• **BRIEF**:
Within the entries that follow, show each line where the word "Portable" occurs.

• **Short text fragments from websites**:
=-=-=-=-=

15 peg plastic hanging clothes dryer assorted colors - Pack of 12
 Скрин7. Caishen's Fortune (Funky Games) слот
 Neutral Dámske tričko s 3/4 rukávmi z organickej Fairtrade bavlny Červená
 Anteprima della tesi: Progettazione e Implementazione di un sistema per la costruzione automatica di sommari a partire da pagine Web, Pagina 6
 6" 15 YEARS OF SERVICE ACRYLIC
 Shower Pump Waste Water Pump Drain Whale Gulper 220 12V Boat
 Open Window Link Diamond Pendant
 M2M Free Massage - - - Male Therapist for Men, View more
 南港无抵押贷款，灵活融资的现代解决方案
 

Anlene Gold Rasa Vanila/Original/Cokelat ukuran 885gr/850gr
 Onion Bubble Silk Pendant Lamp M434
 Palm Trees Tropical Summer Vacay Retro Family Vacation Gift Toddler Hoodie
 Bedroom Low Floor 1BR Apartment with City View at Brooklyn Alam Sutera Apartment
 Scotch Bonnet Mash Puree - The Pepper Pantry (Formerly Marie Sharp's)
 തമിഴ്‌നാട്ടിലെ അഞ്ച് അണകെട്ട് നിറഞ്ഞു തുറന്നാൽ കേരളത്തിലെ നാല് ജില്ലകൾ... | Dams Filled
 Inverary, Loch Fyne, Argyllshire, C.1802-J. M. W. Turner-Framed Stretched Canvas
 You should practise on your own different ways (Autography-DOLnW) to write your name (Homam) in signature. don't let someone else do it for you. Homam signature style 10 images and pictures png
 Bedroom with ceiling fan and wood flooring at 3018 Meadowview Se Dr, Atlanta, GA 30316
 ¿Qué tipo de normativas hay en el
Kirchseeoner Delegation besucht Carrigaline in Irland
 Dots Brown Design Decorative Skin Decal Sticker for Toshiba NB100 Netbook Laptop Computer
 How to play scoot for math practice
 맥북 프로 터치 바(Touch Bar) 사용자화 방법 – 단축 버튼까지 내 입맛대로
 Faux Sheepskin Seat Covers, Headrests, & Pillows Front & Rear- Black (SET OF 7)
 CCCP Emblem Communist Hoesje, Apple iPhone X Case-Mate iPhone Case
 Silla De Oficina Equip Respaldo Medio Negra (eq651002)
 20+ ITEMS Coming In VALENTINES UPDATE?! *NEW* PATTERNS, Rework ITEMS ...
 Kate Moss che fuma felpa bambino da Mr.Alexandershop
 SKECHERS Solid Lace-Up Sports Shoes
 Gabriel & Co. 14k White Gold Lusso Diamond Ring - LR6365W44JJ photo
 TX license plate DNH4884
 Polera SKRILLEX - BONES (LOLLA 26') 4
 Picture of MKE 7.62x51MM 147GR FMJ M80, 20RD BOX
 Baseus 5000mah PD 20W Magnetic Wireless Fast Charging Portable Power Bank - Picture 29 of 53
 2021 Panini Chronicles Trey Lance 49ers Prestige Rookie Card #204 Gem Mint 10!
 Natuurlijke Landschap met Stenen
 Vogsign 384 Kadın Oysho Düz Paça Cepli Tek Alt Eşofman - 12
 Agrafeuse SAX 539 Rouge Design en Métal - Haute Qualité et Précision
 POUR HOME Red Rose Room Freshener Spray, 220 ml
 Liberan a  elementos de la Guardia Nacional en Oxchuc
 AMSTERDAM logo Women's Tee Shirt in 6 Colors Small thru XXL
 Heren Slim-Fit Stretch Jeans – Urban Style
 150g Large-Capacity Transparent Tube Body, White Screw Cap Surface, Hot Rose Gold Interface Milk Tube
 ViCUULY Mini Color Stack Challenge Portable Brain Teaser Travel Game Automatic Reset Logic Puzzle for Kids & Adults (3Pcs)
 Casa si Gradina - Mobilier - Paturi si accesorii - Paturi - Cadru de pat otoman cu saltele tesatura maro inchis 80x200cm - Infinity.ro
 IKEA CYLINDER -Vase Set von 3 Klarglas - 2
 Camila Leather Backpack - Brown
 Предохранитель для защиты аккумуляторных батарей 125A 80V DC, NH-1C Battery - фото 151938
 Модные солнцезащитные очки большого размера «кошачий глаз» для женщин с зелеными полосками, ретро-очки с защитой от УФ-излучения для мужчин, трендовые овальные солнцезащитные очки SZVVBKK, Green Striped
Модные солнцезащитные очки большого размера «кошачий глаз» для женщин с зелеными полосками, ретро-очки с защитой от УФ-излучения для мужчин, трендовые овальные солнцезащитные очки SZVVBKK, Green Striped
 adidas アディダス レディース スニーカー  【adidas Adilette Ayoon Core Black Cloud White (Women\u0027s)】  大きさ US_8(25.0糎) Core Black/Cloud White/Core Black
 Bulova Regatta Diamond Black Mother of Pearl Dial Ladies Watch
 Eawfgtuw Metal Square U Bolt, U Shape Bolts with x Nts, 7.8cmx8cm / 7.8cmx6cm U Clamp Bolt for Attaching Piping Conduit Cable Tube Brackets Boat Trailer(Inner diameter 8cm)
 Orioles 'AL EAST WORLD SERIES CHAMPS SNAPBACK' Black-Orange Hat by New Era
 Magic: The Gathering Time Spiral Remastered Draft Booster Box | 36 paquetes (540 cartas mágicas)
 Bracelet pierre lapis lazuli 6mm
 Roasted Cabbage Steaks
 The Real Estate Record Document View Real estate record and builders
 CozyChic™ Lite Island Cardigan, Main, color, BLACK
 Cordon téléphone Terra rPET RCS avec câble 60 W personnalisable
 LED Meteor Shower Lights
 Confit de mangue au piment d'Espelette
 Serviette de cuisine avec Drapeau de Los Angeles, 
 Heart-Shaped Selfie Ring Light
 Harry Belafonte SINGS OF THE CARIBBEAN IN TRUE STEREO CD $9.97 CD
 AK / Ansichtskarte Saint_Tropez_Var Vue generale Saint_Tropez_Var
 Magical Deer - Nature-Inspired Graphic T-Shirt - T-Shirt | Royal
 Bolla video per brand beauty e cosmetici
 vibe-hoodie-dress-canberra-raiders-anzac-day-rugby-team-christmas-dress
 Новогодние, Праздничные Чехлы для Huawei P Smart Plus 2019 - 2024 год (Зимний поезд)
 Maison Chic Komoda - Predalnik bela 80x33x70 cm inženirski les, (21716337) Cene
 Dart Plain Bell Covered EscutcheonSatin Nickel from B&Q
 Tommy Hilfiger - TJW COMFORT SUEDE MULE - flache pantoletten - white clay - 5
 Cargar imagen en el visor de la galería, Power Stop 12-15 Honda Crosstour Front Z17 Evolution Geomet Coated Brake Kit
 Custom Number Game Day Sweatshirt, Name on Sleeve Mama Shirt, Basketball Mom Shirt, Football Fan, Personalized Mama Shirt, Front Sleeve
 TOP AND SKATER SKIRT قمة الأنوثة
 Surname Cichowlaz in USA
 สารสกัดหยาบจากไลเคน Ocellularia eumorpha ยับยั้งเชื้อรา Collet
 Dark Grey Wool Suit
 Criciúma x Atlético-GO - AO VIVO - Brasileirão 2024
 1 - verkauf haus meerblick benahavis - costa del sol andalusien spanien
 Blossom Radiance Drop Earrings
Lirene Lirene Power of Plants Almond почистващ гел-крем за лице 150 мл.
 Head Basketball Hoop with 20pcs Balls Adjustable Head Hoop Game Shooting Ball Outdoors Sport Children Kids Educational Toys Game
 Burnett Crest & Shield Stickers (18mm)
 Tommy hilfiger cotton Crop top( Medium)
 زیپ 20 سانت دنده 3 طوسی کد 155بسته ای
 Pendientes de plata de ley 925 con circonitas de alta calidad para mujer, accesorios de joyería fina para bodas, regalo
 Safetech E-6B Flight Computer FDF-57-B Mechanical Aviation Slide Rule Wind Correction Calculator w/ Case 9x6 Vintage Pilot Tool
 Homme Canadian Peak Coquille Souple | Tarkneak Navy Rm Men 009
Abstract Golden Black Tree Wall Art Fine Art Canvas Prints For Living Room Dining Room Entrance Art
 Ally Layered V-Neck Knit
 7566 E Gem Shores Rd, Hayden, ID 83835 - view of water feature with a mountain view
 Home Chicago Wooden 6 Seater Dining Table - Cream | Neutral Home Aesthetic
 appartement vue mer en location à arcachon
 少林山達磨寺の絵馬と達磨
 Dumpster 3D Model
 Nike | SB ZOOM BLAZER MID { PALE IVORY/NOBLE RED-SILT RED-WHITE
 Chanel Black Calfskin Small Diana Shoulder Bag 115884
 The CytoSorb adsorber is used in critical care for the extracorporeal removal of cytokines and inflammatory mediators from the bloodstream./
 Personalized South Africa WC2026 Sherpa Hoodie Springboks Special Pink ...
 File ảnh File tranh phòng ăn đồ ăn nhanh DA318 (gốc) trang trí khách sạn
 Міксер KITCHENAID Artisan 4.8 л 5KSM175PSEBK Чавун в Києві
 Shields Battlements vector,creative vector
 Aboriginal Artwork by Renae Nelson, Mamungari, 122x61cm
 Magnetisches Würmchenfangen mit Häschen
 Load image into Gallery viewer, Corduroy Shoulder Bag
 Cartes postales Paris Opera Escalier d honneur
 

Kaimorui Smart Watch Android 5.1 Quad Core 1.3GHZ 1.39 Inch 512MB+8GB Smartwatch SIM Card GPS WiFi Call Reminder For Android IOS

=-=-=-=-=

• **SOLUTION TO THIS EXERCISE**:
 Baseus 5000mah PD 20W Magnetic Wireless Fast Charging Portable Power Bank - Picture 29 of 53
 ViCUULY Mini Color Stack Challenge Portable Brain Teaser Travel Game Automatic Reset Logic Puzzle for Kids & Adults (3Pcs)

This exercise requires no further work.